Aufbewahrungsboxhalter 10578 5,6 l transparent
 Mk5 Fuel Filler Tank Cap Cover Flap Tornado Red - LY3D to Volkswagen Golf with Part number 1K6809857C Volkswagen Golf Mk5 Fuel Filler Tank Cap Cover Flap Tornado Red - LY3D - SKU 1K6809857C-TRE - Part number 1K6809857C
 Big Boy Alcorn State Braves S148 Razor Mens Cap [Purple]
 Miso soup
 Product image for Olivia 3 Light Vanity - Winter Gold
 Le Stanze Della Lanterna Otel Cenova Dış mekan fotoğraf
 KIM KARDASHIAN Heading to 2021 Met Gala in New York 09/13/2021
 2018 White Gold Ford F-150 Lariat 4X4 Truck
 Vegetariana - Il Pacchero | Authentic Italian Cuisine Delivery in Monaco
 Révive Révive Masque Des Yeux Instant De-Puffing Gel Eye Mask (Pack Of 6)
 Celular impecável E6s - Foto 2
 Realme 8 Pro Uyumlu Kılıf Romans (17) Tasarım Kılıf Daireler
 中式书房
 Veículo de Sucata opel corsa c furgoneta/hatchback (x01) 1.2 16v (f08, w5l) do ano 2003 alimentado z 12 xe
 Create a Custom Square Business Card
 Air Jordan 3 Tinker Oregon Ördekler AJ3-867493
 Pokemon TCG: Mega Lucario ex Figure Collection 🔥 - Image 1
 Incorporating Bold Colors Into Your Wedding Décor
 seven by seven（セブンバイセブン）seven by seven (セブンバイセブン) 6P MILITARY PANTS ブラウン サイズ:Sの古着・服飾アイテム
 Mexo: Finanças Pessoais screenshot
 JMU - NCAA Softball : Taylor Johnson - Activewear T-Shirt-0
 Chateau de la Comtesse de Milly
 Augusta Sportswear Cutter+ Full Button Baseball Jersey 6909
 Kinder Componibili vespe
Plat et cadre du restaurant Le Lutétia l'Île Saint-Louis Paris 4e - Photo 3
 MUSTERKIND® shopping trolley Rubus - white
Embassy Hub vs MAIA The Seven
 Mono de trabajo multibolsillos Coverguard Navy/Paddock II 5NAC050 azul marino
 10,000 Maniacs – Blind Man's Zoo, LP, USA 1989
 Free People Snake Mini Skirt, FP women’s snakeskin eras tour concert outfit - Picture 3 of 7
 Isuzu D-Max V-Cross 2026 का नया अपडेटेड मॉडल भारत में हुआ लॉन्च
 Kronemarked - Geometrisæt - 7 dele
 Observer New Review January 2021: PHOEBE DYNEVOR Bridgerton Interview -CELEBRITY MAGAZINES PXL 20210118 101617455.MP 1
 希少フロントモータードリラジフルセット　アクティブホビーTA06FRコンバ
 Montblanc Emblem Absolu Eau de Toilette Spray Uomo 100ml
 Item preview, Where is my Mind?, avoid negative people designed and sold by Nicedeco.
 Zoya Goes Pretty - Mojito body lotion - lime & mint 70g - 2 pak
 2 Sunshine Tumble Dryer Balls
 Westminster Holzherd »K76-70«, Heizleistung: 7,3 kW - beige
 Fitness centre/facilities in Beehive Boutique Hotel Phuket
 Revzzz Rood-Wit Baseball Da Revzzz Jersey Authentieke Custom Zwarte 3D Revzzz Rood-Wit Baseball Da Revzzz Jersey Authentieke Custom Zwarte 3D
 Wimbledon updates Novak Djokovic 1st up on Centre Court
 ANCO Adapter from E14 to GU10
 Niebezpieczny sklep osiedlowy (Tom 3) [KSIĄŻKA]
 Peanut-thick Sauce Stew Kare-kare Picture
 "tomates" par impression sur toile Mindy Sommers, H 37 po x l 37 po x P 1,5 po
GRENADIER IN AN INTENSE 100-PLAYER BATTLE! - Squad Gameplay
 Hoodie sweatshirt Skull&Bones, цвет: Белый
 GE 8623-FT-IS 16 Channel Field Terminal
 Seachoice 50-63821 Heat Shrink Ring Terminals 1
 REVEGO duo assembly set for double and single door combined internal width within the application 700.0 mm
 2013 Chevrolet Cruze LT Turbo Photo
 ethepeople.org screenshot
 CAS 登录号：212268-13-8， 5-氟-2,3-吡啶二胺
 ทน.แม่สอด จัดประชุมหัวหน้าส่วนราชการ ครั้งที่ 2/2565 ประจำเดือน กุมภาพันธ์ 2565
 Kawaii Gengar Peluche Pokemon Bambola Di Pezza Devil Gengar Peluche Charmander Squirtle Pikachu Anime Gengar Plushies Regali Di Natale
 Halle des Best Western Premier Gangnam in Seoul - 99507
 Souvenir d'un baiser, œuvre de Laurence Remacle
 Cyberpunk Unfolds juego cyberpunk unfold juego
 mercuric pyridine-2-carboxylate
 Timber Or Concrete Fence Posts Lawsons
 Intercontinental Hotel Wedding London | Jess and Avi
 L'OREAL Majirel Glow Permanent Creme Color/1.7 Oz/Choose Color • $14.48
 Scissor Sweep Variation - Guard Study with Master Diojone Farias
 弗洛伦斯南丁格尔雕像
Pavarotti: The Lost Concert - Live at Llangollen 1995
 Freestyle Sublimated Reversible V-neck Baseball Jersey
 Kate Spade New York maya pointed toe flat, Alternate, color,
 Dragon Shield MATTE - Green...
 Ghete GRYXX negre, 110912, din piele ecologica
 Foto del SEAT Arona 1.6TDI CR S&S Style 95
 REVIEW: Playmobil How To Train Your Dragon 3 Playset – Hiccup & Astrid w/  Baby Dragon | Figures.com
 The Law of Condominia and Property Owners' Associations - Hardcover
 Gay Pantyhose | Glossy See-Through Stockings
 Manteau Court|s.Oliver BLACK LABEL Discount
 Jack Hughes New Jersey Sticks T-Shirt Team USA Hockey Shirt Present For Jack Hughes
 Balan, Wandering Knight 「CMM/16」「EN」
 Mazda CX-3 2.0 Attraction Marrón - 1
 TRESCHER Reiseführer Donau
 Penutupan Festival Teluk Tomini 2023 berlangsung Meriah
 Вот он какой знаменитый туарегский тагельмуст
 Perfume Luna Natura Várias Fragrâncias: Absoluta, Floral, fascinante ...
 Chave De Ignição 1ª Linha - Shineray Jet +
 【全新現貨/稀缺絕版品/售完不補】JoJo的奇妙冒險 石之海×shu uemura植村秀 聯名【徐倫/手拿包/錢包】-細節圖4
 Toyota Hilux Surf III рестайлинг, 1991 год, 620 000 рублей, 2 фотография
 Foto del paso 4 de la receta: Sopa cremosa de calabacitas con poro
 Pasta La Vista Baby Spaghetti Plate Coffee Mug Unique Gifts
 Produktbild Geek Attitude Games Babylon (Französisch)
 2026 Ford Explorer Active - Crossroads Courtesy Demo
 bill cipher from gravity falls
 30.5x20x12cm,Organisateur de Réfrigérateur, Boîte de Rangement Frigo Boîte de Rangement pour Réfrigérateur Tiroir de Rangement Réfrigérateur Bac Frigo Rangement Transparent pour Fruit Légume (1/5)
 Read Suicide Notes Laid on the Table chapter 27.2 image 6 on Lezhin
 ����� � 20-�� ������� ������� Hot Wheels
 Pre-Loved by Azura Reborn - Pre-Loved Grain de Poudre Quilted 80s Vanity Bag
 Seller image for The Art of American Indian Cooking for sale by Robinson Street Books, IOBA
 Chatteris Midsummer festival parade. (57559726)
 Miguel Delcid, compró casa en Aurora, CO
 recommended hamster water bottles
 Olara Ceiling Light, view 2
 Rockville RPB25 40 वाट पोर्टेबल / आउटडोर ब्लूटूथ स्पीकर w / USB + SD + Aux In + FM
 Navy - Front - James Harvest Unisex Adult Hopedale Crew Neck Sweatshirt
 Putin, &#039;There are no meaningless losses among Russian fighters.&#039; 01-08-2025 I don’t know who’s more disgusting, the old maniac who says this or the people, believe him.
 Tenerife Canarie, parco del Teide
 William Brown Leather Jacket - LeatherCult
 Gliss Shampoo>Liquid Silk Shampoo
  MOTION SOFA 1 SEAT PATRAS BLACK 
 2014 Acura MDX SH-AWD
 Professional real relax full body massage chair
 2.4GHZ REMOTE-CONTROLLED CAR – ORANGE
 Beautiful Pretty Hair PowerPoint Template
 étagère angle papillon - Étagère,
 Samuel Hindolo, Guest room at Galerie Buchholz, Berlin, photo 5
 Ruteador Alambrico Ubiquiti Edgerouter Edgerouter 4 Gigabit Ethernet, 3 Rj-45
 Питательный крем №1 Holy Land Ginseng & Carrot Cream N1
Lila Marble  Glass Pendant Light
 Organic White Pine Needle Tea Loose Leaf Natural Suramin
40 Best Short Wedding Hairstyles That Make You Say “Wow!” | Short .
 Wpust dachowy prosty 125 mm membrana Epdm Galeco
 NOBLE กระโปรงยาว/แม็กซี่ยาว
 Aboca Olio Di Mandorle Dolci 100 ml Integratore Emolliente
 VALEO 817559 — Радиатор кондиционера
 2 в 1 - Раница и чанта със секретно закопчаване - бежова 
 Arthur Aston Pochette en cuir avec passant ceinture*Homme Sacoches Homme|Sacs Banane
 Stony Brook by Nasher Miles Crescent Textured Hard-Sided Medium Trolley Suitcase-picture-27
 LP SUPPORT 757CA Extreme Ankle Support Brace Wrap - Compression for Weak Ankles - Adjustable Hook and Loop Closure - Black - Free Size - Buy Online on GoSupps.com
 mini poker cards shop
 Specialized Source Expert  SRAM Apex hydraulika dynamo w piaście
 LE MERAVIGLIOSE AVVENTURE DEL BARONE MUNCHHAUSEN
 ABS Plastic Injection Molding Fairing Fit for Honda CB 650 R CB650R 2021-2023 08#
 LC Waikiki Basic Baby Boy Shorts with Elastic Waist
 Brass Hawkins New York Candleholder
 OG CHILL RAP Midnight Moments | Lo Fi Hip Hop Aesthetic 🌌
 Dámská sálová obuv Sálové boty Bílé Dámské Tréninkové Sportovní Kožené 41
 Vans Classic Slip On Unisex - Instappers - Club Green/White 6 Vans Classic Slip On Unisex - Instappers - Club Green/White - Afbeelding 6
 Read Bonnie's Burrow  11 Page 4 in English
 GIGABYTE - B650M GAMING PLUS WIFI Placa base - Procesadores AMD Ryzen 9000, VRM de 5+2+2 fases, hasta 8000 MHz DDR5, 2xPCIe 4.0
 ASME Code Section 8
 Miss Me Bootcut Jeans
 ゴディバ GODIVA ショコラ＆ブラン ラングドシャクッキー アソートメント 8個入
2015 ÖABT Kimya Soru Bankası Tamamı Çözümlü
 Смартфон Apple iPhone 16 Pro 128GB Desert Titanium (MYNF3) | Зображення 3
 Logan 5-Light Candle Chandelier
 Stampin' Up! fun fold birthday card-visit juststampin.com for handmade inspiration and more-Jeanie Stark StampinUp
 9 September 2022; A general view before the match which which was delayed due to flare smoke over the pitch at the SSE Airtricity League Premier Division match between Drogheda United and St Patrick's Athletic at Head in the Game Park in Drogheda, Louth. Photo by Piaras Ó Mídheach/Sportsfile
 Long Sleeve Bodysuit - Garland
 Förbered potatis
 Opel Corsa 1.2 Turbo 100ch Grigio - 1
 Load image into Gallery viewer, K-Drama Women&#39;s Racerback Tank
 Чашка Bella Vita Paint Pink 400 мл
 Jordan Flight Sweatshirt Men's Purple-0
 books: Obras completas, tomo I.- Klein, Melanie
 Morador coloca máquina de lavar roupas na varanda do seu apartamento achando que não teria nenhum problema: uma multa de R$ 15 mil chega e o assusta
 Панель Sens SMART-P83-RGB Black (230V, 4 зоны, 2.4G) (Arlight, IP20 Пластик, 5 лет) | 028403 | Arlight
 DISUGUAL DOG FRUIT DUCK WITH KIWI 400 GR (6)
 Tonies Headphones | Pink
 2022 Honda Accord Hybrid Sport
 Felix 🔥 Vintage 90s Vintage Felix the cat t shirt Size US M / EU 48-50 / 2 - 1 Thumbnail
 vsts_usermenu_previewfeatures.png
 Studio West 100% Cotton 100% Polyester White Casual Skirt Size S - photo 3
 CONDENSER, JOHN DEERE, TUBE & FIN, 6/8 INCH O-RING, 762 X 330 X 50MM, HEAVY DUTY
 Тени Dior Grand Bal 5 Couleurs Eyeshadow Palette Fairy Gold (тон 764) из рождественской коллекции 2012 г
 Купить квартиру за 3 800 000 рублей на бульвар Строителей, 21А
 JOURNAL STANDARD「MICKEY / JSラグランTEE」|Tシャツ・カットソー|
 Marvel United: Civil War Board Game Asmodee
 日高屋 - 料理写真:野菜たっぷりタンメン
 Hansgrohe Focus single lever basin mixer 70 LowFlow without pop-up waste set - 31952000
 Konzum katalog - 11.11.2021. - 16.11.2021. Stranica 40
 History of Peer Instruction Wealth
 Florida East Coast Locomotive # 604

Exercise goal ->
From the records above, quote only the lines running from the line with "bill cipher from gravity falls" to the line with "MOTION SOFA 1 SEAT PATRAS BLACK", both lines included.

Response ->
 bill cipher from gravity falls
 30.5x20x12cm,Organisateur de Réfrigérateur, Boîte de Rangement Frigo Boîte de Rangement pour Réfrigérateur Tiroir de Rangement Réfrigérateur Bac Frigo Rangement Transparent pour Fruit Légume (1/5)
 Read Suicide Notes Laid on the Table chapter 27.2 image 6 on Lezhin
 ����� � 20-�� ������� ������� Hot Wheels
 Pre-Loved by Azura Reborn - Pre-Loved Grain de Poudre Quilted 80s Vanity Bag
 Seller image for The Art of American Indian Cooking for sale by Robinson Street Books, IOBA
 Chatteris Midsummer festival parade. (57559726)
 Miguel Delcid, compró casa en Aurora, CO
 recommended hamster water bottles
 Olara Ceiling Light, view 2
 Rockville RPB25 40 वाट पोर्टेबल / आउटडोर ब्लूटूथ स्पीकर w / USB + SD + Aux In + FM
 Navy - Front - James Harvest Unisex Adult Hopedale Crew Neck Sweatshirt
 Putin, &#039;There are no meaningless losses among Russian fighters.&#039; 01-08-2025 I don’t know who’s more disgusting, the old maniac who says this or the people, believe him.
 Tenerife Canarie, parco del Teide
 William Brown Leather Jacket - LeatherCult
 Gliss Shampoo>Liquid Silk Shampoo
  MOTION SOFA 1 SEAT PATRAS BLACK 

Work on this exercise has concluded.